There now appeared to be two streams of protest going on. On the one hand Orangist agitators, orchestrated by Bentinck and the stadtholder's court, continued to demand political concessions from the regents by judicially withholding troops to restore order, until their demands were met. On the other hand, there were more ideologically inspired agitators, like Rousset de Missy and Elie Luzac, who, quoting John Locke's Two Treatises on Government, tried to introduce "dangerous ideas", like the ultimate sovereignty of the people as a justification for enlisting the support of the people. Such ideas, anathema to both the clique around the stadtholder and the old States Party regents, were en vogue with a broad popular movement under the middle strata of the population, that aimed to make the government answerable to the people. This movement, known as the Doelisten (because they often congregated in the target ranges of the civic militia, which in Dutch were called the doelen) presented demands to the Amsterdam vroedschap in the summer of 1748 that the burgomasters should henceforth be made popularly electable, as also the directors of the Amsterdam Chamber of the VOC.

This more radical wing more and more came into conflict with the moderates around Bentinck and the stadtholder himself. The States of Holland, now thoroughly alarmed by these "radical" developments, asked the stadtholder to go to Amsterdam in person to restore order by whatever means necessary. When the Prince visited the city on this mission in September 1748 he talked to representatives of both wings of the Doelisten.
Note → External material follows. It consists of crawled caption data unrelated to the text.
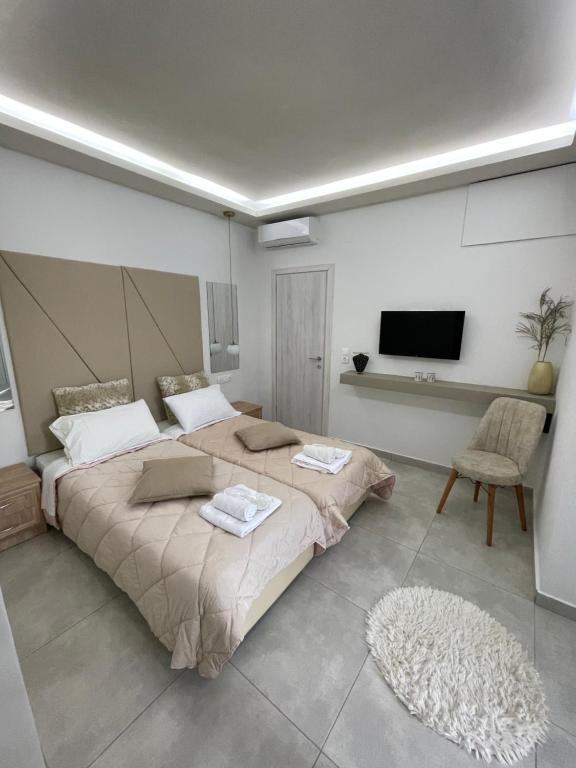 Postel nebo postele na pokoji v ubytování Sea View Apts & Suites by Pachiplex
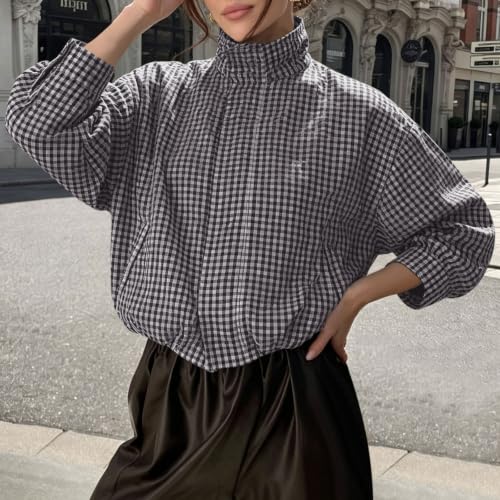 Cethrio Funnel Jacket Women Funnel Neck Jacket Women Plaid Bomber Jackets Gingham Coats Cropped Zipper Fall 2026 Fashion Chaqueta Deportiva Para Mujer Dressly Capsule Wardrobe - image 2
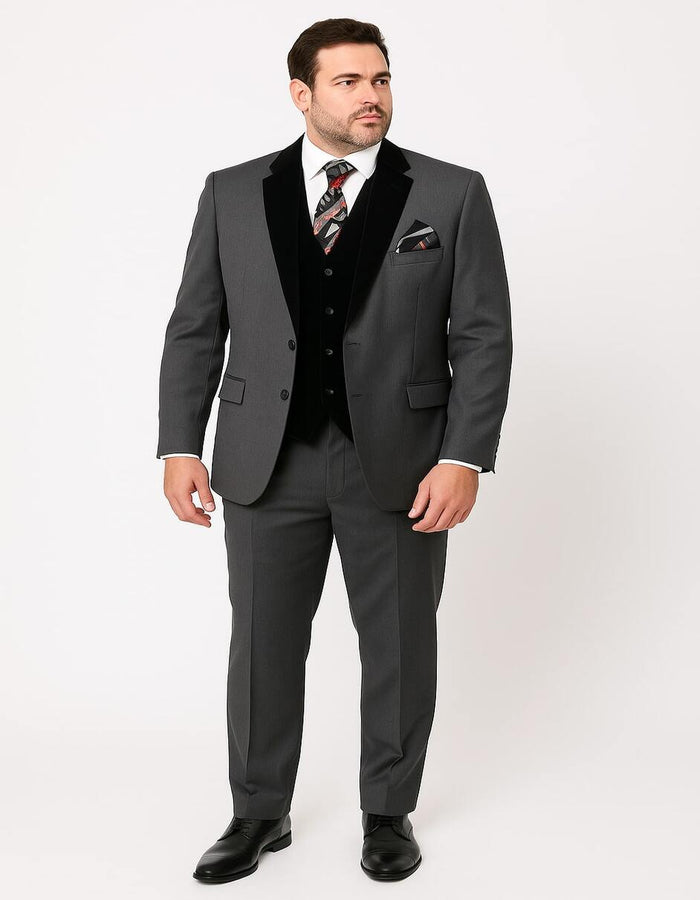 Men's Charcoal Gray 3-Piece Suit with Black Velvet Lapel  Formal Business and Wedding Attire - Gray Tuxedo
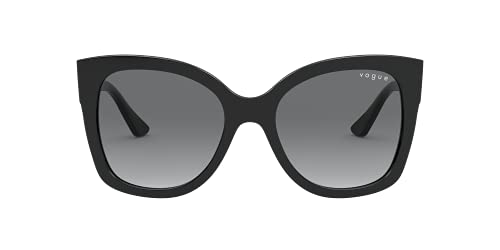 Vogue Woman Sunglasses: Black Frame, Grey Gradient Lenses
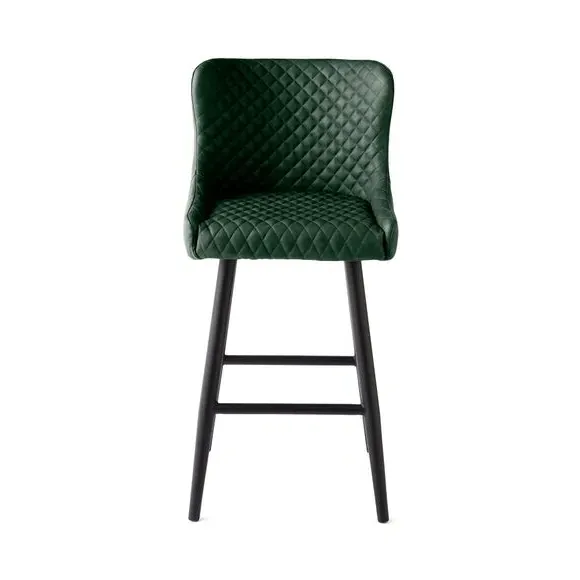 Counter Height Bar Stool with Arms - Emerald, PU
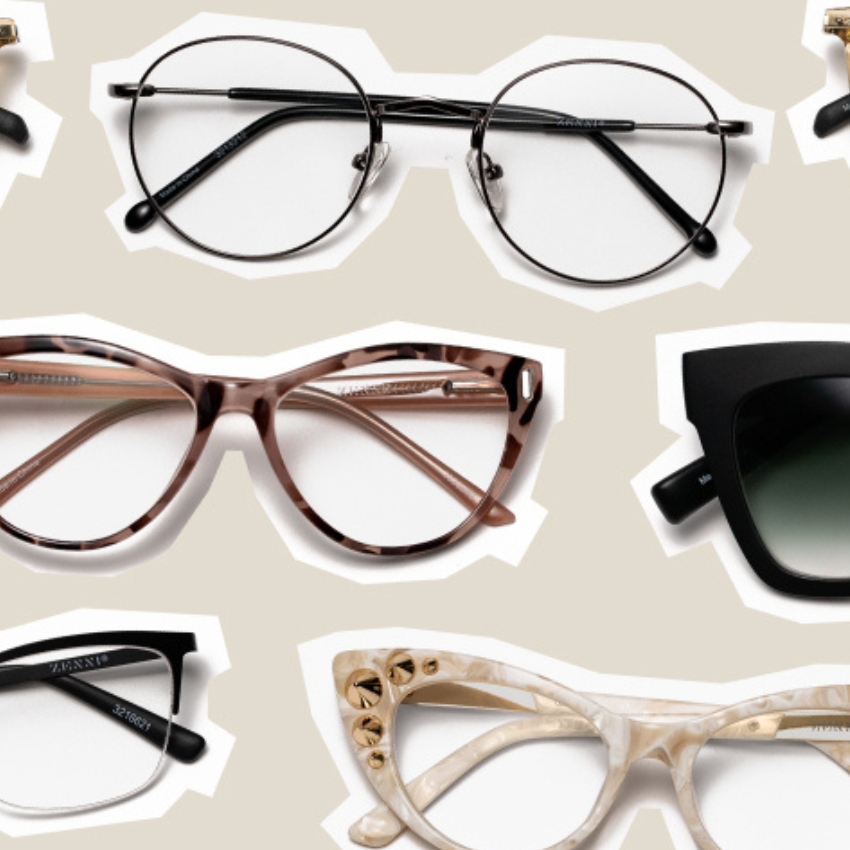 Six pairs of eyeglasses in different styles and colors, including round black and tortoiseshell frames.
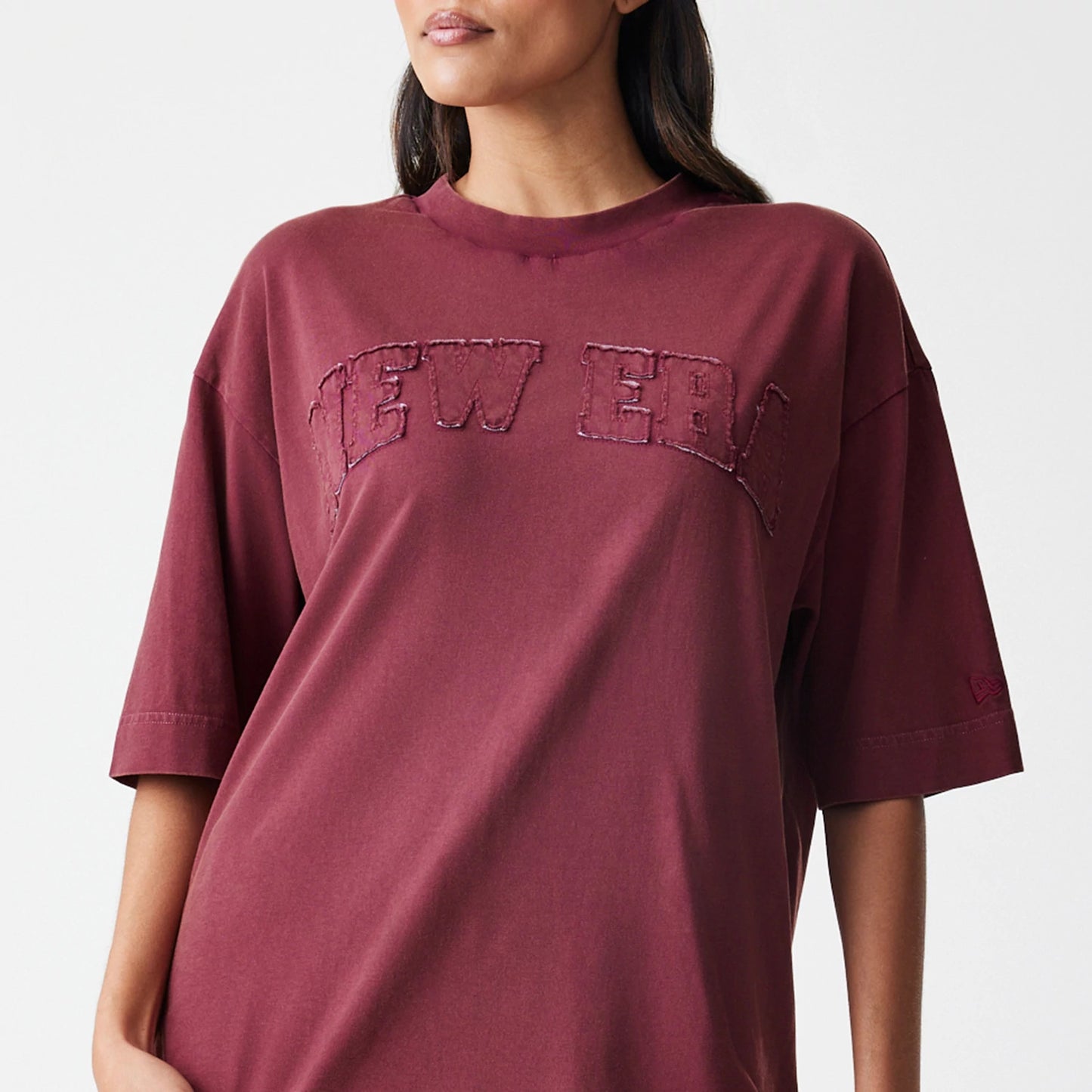 The Male model is wearing  New Era Washed Dark Red Oversized T-Shirt 6
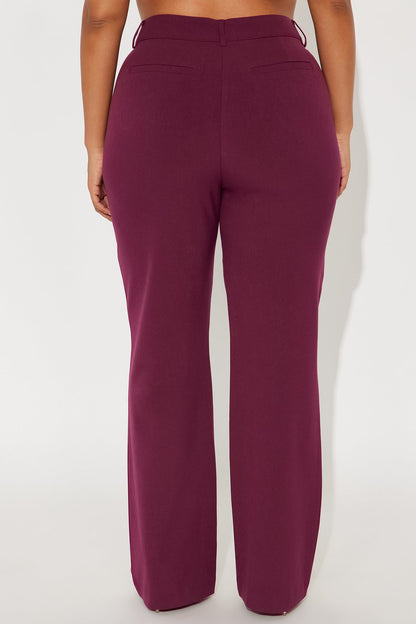 Tasha Dressy High Rise Pants - Burgundy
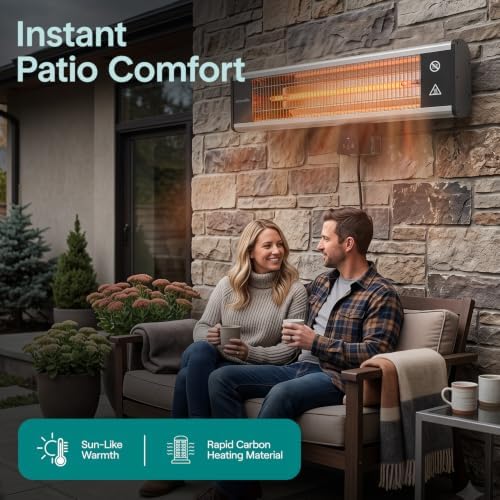 Infrared Patio Heater, Wall-Mounted Electric Heater with Remote Control, 1500W, IP65 Approved, Odorless, alternate view 3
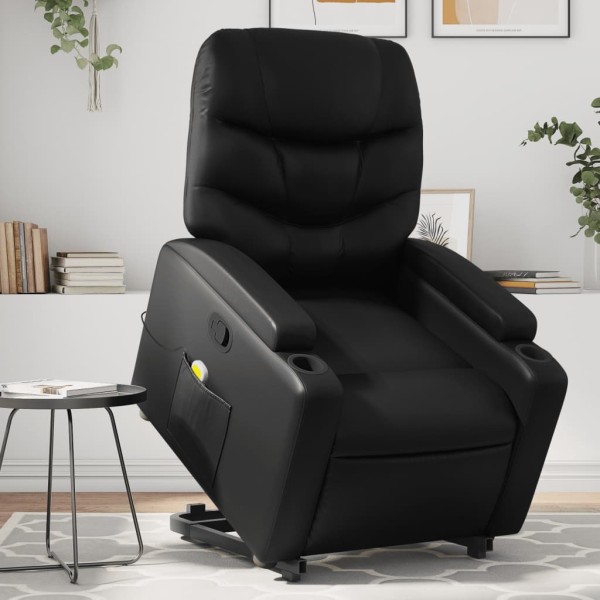 Standing massage chair, black, artificial leather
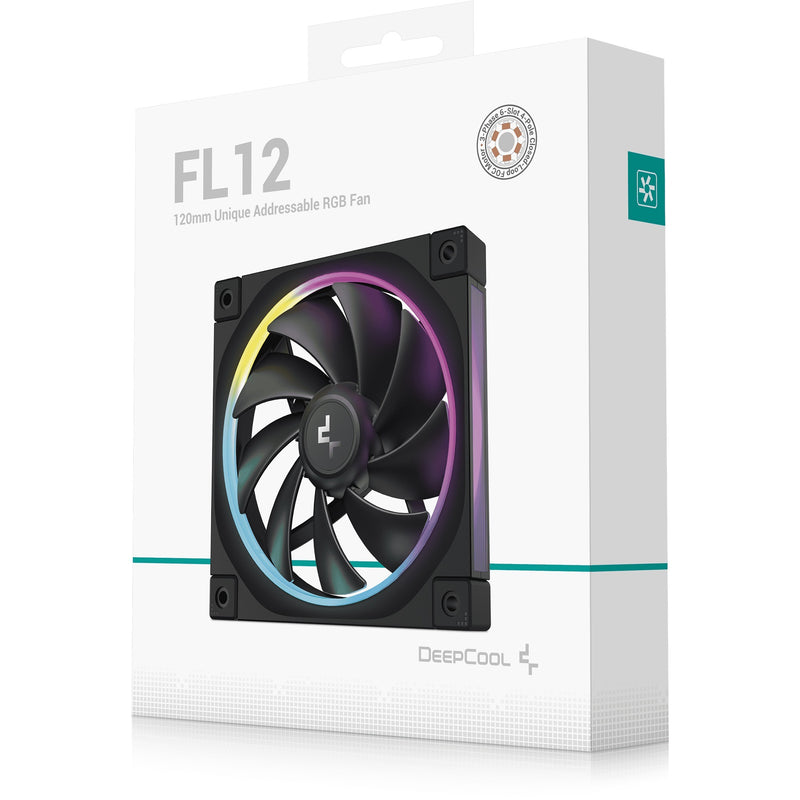 Afbeelding laden in galerijviewer, Deepcool fl12 rgb case fan (zwart, 120 x 120 x 25 mm, pwm)
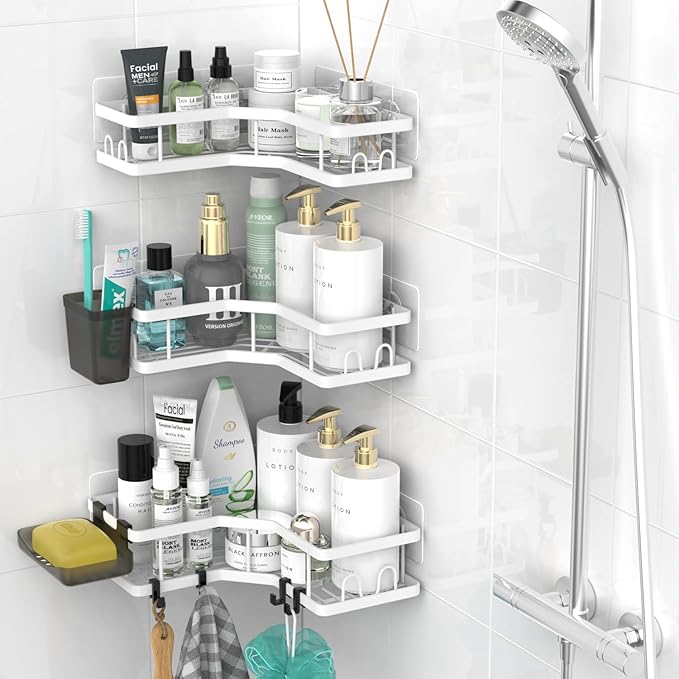 Corner Shower Caddy Bathroom Organizer Adhesive Shower Rack Bathtub Shelves - 3Pack No Drilling Shower Shelf For Inside Shower - Rustproof Bath Tub Organizer Caddy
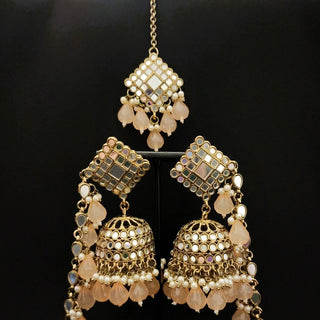 Simone Peach Baahubali Mirror Jhumki Earrings - ECLAT INDIAN JEWELSTikka SetsPeach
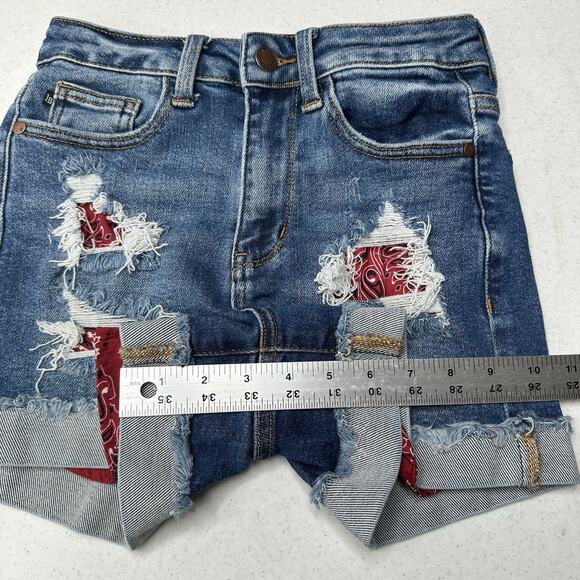Judy Blue Shorts Womens XS Cuffed Blue Jean Denim Distressed Bandana Print *Flaw - Picture 7 of 11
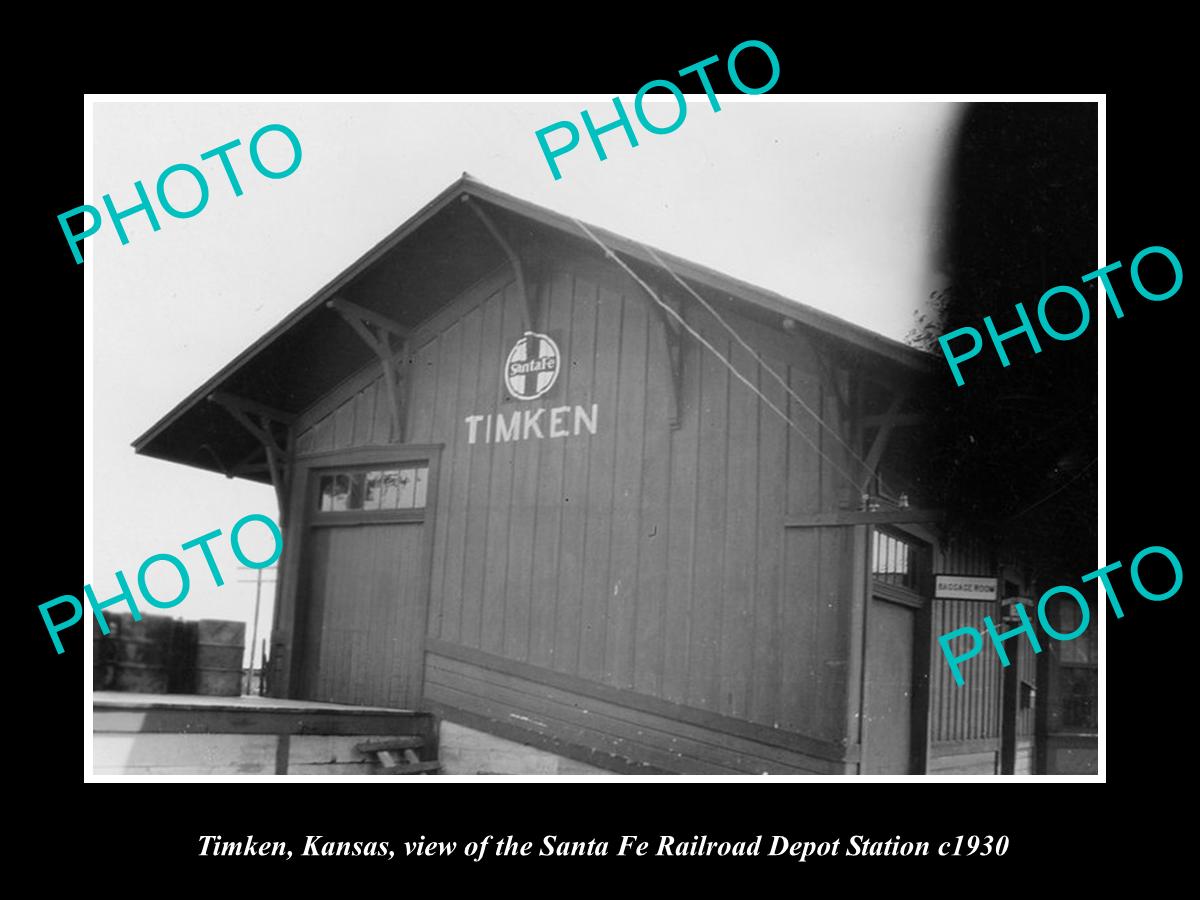 OLD LARGE HISTORIC PHOTO OF TIMKEN KANSAS, THE SANTA FE RAILROAD DEPOT c1930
He was reluctant to accede to the demands of the radicals that the Amsterdam vroedschap should be purged, though he had to change his mind under pressure of huge demonstrations favoring the radicals. The purge fell, however, far short of what the radicals had hoped for. The new vroedschap still contained many members of the old regent families. The Prince refused to accede to further demands, leaving the Amsterdam populace distinctly disaffected. This was the first clear break between the new regime and a large part of its popular following.

==Aftermath==

Similar developments ensued in other Holland cities: William's purges of the city governments in response to popular demand were halfhearted and fell short of expectations, causing further disaffection. William was ready to promote change, but only as far as it suited him. He continued to promote the introduction of government regulations, like those of the inland provinces, in Holland also. These were intended to give him a firm grip on government patronage, so as to entrench his loyal placements in all strategic government positions. Eventually he managed to achieve this aim in all provinces. People like Bentinck hoped that gathering the reins of power in the hands of a single "eminent head" would soon help restore the state of the Dutch economy and finances. Such high hopes for an "enlightened despot" were not unique to the Republic at the time. In Portugal people had the same hopes of Sebastião José de Carvalho e Melo, 1st Marquis of Pombal and king Joseph I of Portugal, as had people in Sweden of Gustav III of Sweden.

William IV did not have the opportunity to govern for a long time after the revolution, as he suddenly died, at the age of 40, on October 22, 1751.